Les anciens Égyptiens avaient une grande connaissance des herbes médicinales et de la réparation des blessures physiques. Les preuves montrent que les anciens médecins égyptiens pratiquaient également la chirurgie oculaire et pratiquaient la dentisterie. Ils ont extrait des dents, drainé des abcès et fait de fausses dents. Les médecins égyptiens savaient recoudre une plaie. Une grande partie de la connaissance égyptienne du corps provenait de leur pratique consistant à embaumer les morts.

Source de l'image de la médecine égyptienne ancienne

De l'âge de pierre à la période islamique, les médecins égyptiens étaient considérés comme les meilleurs du monde occidental. Cependant, il convient de noter qu'au cours de cette période, leurs connaissances sur les maladies et les remèdes n'étaient pas très avancées et de nombreux médecins égyptiens pensaient que les mauvais esprits étaient la cause des maux. Les cures comprenaient des boissons concoctées et des prières à Sekhmet, la déesse de la guérison. Cependant, ils ont également utilisé des traitements médicinaux efficaces tels que des laxatifs, la réparation des bras et des jambes cassés et le massage des jambes et des mollets douloureux.

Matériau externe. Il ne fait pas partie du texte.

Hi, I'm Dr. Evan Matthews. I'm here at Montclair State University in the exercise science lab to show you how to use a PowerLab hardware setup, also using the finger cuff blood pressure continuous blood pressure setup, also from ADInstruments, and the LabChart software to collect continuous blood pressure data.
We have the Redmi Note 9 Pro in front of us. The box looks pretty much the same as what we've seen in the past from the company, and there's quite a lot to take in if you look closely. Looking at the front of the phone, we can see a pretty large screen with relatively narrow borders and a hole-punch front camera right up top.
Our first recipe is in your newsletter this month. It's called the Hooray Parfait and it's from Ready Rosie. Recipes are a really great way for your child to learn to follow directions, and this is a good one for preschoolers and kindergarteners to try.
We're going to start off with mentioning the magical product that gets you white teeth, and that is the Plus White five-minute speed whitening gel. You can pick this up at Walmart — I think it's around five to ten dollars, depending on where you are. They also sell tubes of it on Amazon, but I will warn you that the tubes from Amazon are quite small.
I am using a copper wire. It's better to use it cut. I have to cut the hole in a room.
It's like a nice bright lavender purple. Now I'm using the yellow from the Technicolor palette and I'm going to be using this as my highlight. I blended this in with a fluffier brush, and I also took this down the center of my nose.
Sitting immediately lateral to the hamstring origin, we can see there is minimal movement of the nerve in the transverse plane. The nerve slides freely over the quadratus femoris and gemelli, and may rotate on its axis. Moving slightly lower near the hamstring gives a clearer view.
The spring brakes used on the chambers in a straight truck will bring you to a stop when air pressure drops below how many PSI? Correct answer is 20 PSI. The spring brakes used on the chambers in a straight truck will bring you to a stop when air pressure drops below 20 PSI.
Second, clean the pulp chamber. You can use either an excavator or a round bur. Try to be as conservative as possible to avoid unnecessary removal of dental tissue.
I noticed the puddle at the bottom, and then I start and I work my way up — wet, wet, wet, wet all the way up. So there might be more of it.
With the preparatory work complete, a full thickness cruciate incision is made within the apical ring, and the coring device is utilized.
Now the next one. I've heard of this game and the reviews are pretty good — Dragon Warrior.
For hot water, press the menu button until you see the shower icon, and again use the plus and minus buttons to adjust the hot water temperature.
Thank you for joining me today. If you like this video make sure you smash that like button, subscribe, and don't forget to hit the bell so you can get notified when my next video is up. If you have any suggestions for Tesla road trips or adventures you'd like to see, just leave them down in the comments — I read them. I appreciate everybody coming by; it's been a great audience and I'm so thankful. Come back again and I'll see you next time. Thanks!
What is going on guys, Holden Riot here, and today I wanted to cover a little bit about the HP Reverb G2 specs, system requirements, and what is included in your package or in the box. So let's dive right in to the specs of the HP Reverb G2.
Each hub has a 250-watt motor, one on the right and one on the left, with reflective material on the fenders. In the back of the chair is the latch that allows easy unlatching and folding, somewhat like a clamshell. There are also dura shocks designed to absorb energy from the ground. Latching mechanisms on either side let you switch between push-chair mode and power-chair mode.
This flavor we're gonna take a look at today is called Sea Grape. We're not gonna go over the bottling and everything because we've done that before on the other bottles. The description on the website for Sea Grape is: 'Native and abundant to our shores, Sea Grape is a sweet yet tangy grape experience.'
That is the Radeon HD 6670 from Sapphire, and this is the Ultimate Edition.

Médecine égyptienne antique

La diffusion du savoir égyptien

Les anciens Égyptiens ont été parmi les premiers à enregistrer des histoires, à aimer la poésie et les drames. Les Grecs ont également bénéficié et ont été influencés par la sculpture et l'architecture égyptiennes. Leur compréhension de l'astronomie était très avancée et cette connaissance a été transmise aux générations qui ont suivi.


Voir la vidéo: Documentaire - LEgypte des Dieux - Documentaire 2020 (Juin 2022).


Commentaires:

  1. Kovar

    Urrrah! Nouvelles découvertes aux masses. Que leur succession ne cesse pas pour toujours et à jamais.

  2. Tully

    Je suis désolé, cela a interféré... Chez moi une situation similaire. Il est possible de discuter.

  3. Malyn

    Il me semble que l'idée dans cet article n'est pas entièrement divulguée. Auteur, pouvez-vous ajouter quelque chose à cela?